**WHAT YOU HAVE TO DO**.
Give again the lines from the line with "All right. Now" to the last line of the records, exactly and in full. Do not carry over any pictures.

Saved entries
□ □ □ □ □

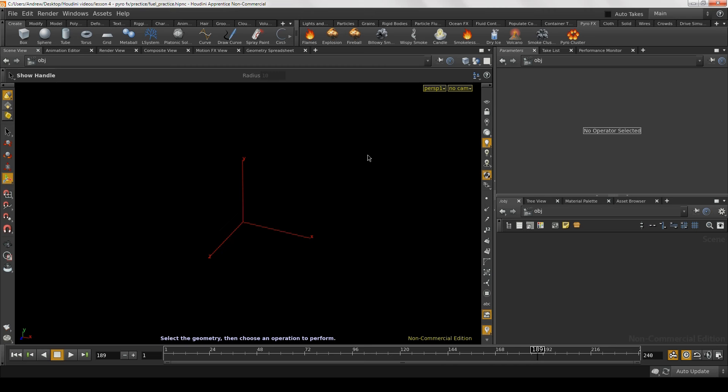Hello and welcome to the Intro to Houdini course. Today we're going to be covering Part 2 of the Pyro Effects lesson. In Part 1, we learned how Pyro Effects works, but today we're going to learn how to manipulate the DOP network to customize the look of our effects. We've got three effects to create today, so let's get started with the first one.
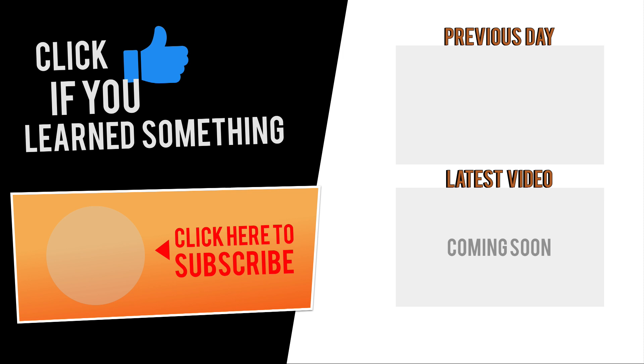Hit that thumbs up icon if you learned something in this video, and click subscribe followed by that little bell icon to be notified of more Fusion 360 tutorials.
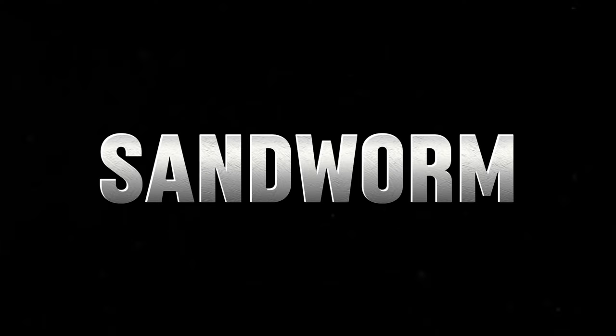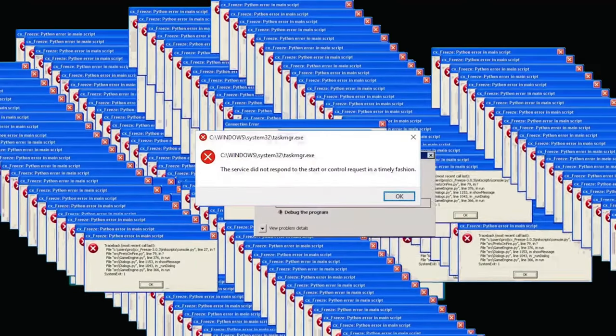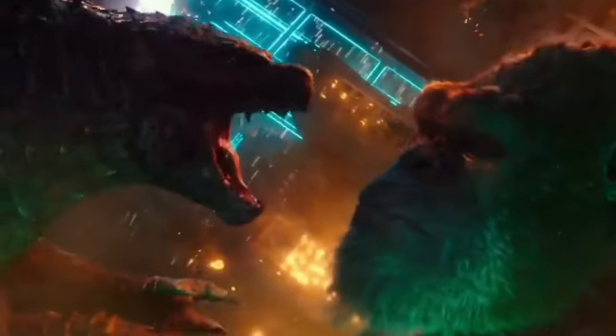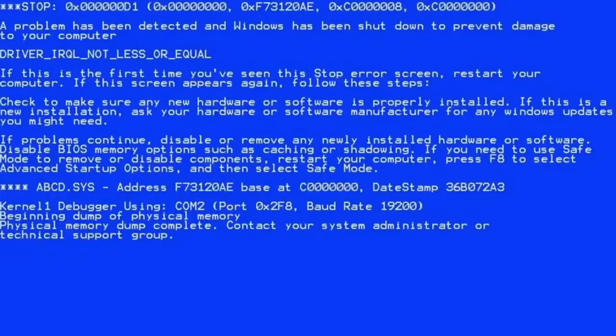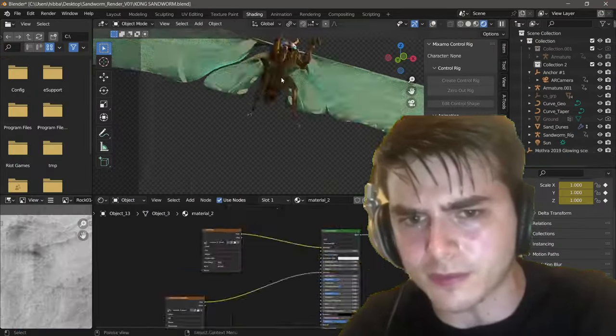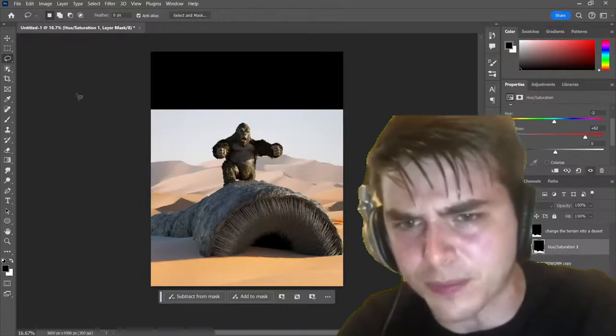In today's video, we will be making Kong ride a sandworm from Dune. Firstly, let's open Photoshop to begin. Here's a live video reaction of me making this picture in Blender and Photoshop.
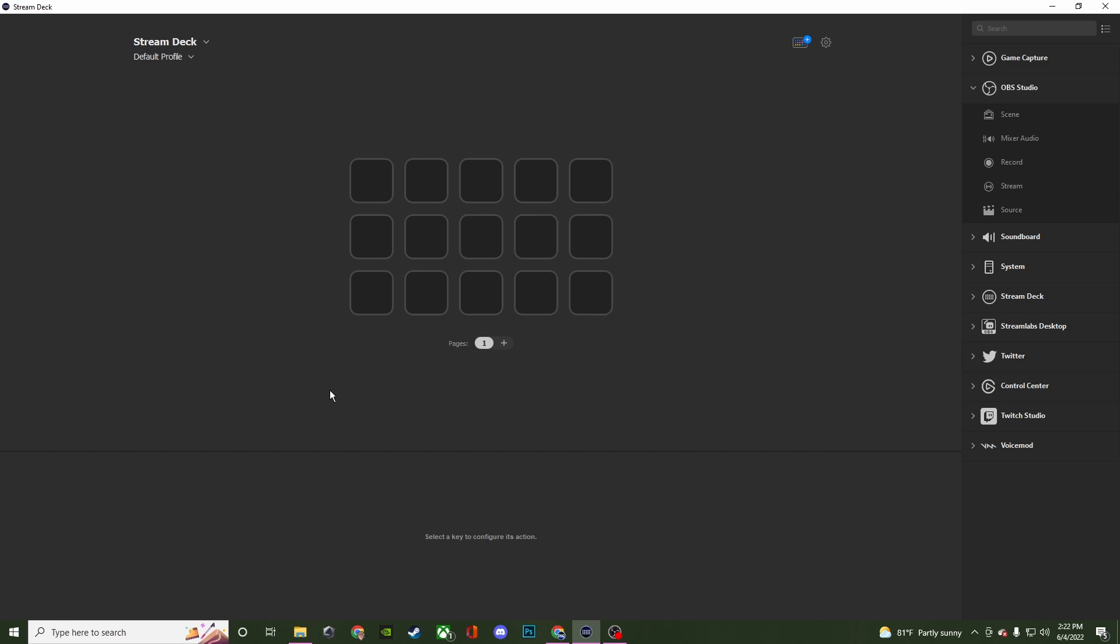What's going on creators, in today's video I'm going to be showing you how to import and export profiles in the Elgato Stream Deck software.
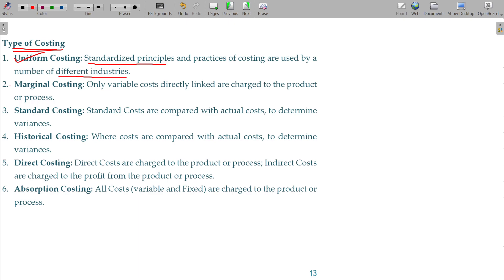Marginal Costing is the extra cost you spend for manufacturing only one extra unit. Standard Costing is also a type of costing — the predetermined cost for manufacturing a unit, which is scientifically designed. Historical Cost is the actual cost you incurred on acquisition of that.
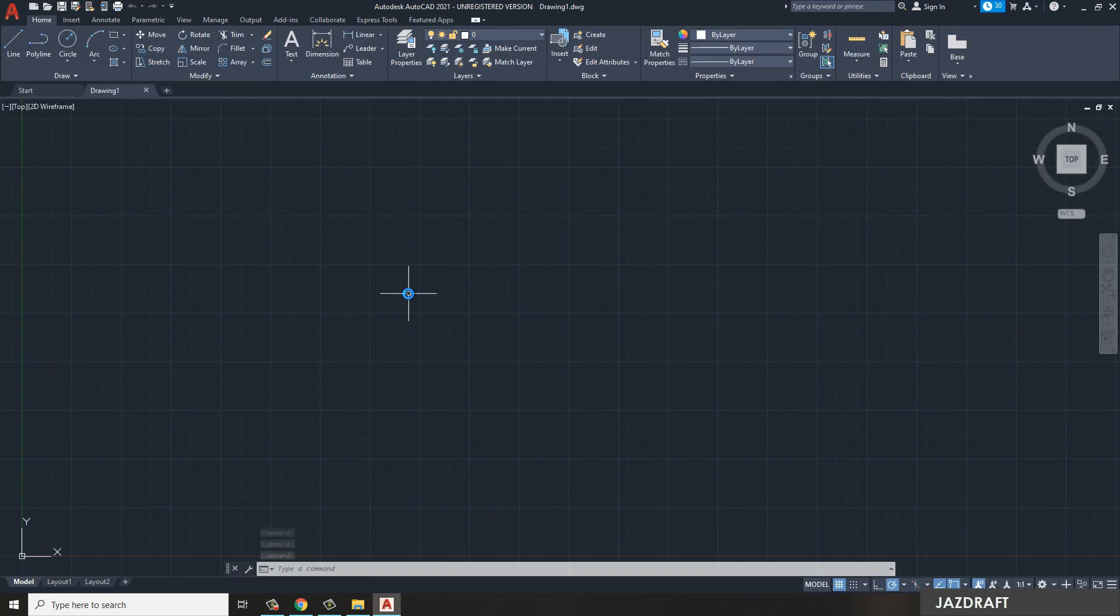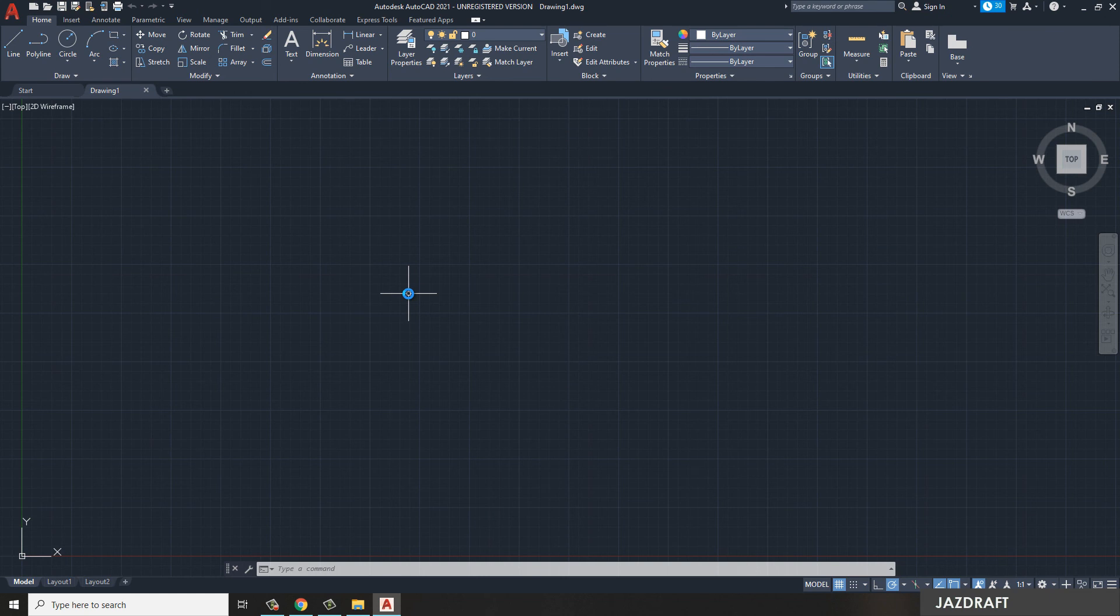All right. Now the installation of AutoCAD is finished, and this is the interface of AutoCAD.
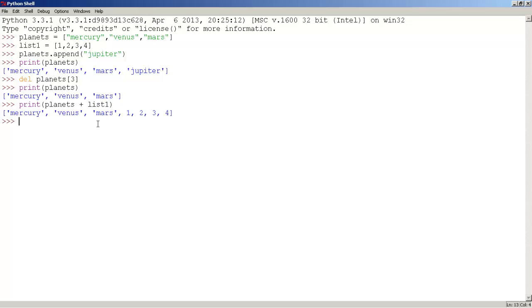And as you can see, planets and list one items were joined together by using the plus signal.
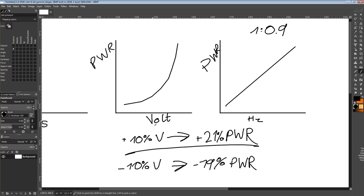If there's a really bad memory bottleneck — say you add 50% more clock cycles to the GPU or CPU but there's no data getting from memory to the chip fast enough — those extra clock cycles do a whole lot of nothing and you get 0% performance gain. Power consumption doesn't go up as much either in that scenario, because if no calculations are being run, that's unused logic just sitting idle. But if you raise the voltage, your efficiency is still going to be terrible just because of the voltage increase.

□ □ □ □ □

**ANSWER BOX**.
All right. Now the installation of AutoCAD is finished, and this is the interface of AutoCAD.
And as you can see, planets and list one items were joined together by using the plus signal.
If there's a really bad memory bottleneck — say you add 50% more clock cycles to the GPU or CPU but there's no data getting from memory to the chip fast enough — those extra clock cycles do a whole lot of nothing and you get 0% performance gain. Power consumption doesn't go up as much either in that scenario, because if no calculations are being run, that's unused logic just sitting idle. But if you raise the voltage, your efficiency is still going to be terrible just because of the voltage increase.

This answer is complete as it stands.